Paulo Reis e Joanna Martins  — Foto: Annalu RochaPaulo Reis e Joanna Martins — Foto: Annalu Rocha
A atualmente premiada gastronomia paraense percorreu um longo caminho até Belém entrar para o hall de "Cidade Criativa da Unesco", título recebido em 2015, quando a culinária da capital tornou-se referência mundial, passando a integrar uma rede de cidades que buscam desenvolvimento de maneira sustentável e de modo socialmente justo.
Um dos pioneiros nessa trajetória foi o chef Paulo Martins, que atuou desde a década de 1970 na valorização dos ingredientes da Amazônia. Ele se dedicou a mostrar a singularidade da culinária local, e logo esses sabores contribuíram para que a gastronomia brasileira conquistasse destaque internacional.

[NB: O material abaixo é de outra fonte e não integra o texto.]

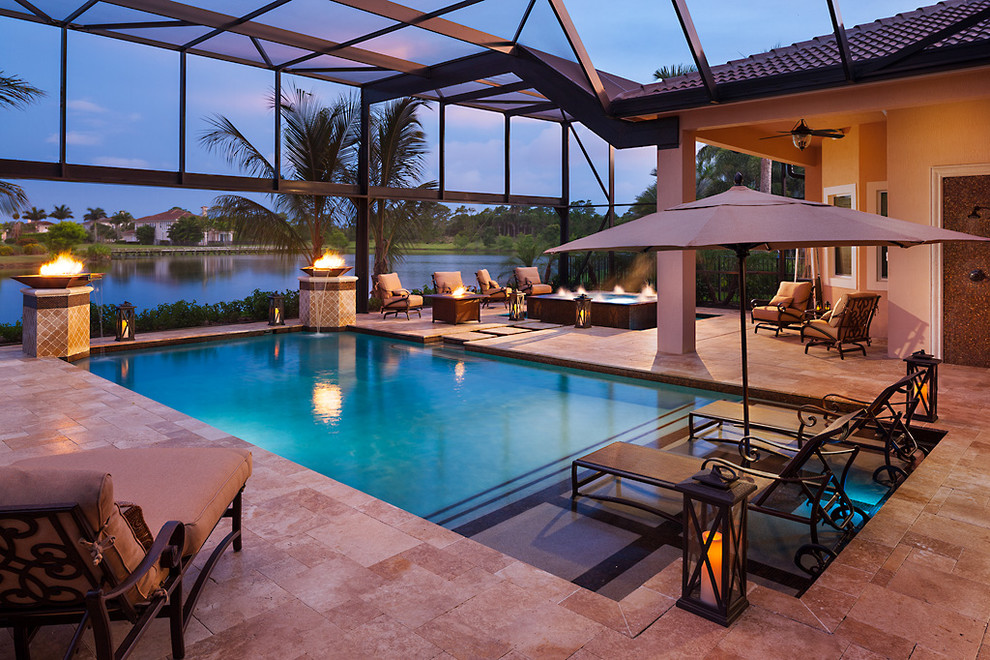 Large tuscan backyard rectangular pool photo in Miami
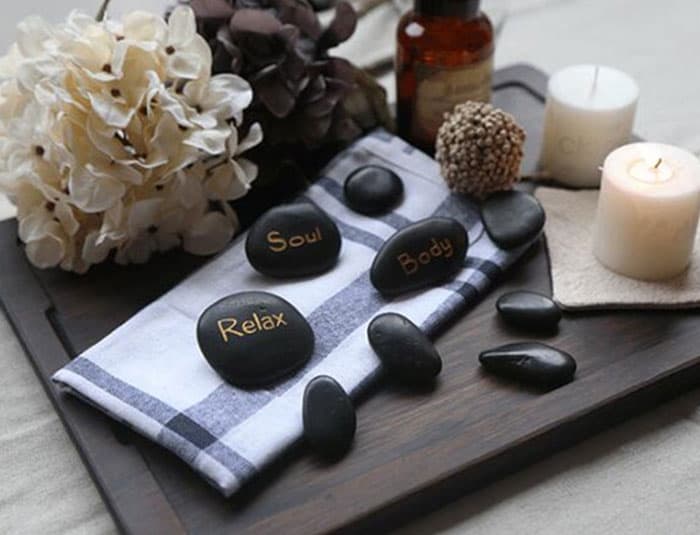 The image shows a spa-like setting with black stones arranged on a towel. The stones have the words "Soul," "Body," and "Relax" written on them. There are also candles, a flower arrangement, and a small bottle of essential oil in the background. The overall image suggests relaxation and rejuvenation.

"Chefs começaram a buscar nossos ingredientes e nós começamos a trabalhar pra que esses sabores chegassem também aos consumidores no Brasil inteiro", relata Paulo Reis, sócio-diretor da Manioca, fundada por Joanna Martins, filha do chef Paulo Martins. "Atuamos de forma a valorizar esses sabores. O cumaru, por exemplo, até um tempo atrás, era mais valorizada a árvore derrubada, para venda da madeira. Hoje, mais vale ela em pé, para a colheita da semente, que é usada em restaurantes e empresas de cosméticos. O mesmo está ocorrendo com o tucupi preto, uma iguaria que estava sendo esquecida enquanto cultura de produção ancestral, e temos atuado para popularizar", conta.

A empresa comercializa cerca de 30 toneladas de alimentos por ano: geléias, tucupi, taperebá, cumaru, feijão manteiguinha, tapioca, farinha. São 39 famílias de produtores que fornecem as matérias-primas, distribuídas em 21 estados e aproximadamente 250 pontos de venda ou restaurantes, além da exportação para seis países. A maioria dos produtores é extrativista da agricultura familiar, com exceção dos que produzem mandioca. De insumos nativos como cupuaçu, cacau e açaí, 100% são plantados.

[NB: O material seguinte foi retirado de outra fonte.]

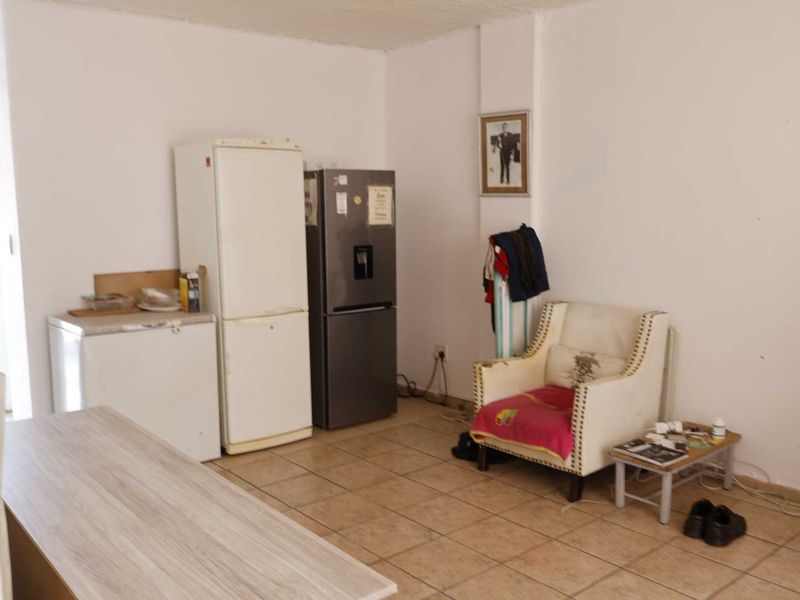 A functional kitchen area featuring tiled flooring and plain white walls, currently utilized with various appliances and furniture.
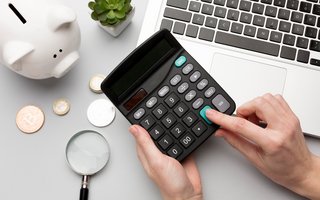 Hände tippen auf einem Taschenrechner neben Laptop, Sparschwein und Münzen auf einem Schreibtisch.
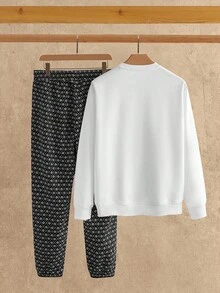 Manfinity VCAY Bộ 2 quần nỉ và áo nỉ có dây rút thường ngày dành cho nam, bộ đồ thường ngày xuân/thu dành cho nam, bộ đồ 2 màu đen trắng dành cho nam, bộ đồ thể thao nam, bộ đồ họa tiết dành cho nam, dành cho mùa thu đông - trắng - Xem 2
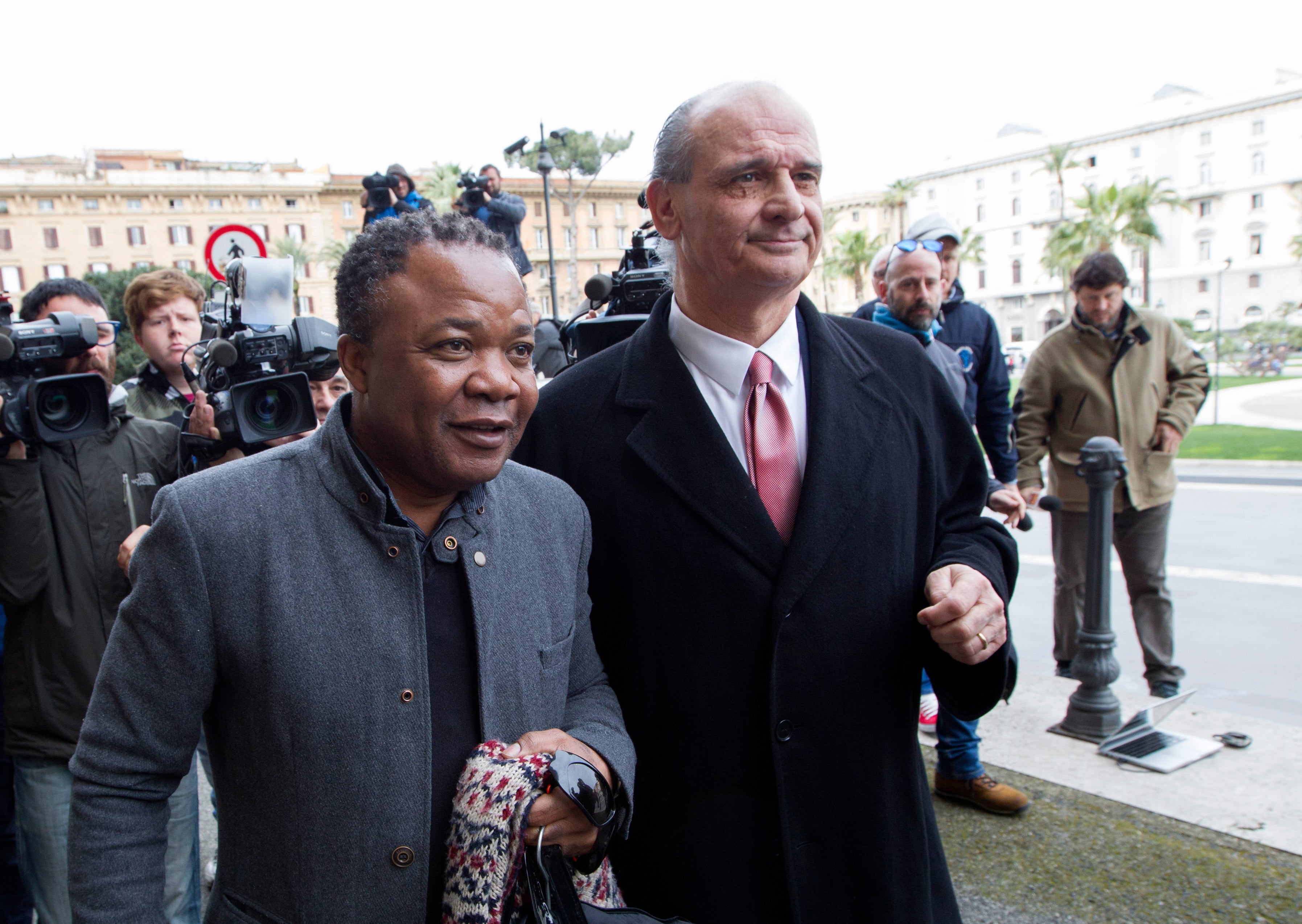 Patrick Lumumba, left, flanked by his lawyer Carlo Pacelli, outside an earlier hearing in Rome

"Atuar com a biodiversidade é, por si só, um grande passo para um futuro sustentável. Fornecemos assistência técnica, geração de renda e proteção ambiental para famílias fornecedoras de matéria-prima. Isso fixa a população do campo, o que é importante para a preservação ambiental. Nossos parceiros não depredam o entorno, não cortam vegetação nativa. E em breve esse monitoramento será feito via satélite", explica Reis.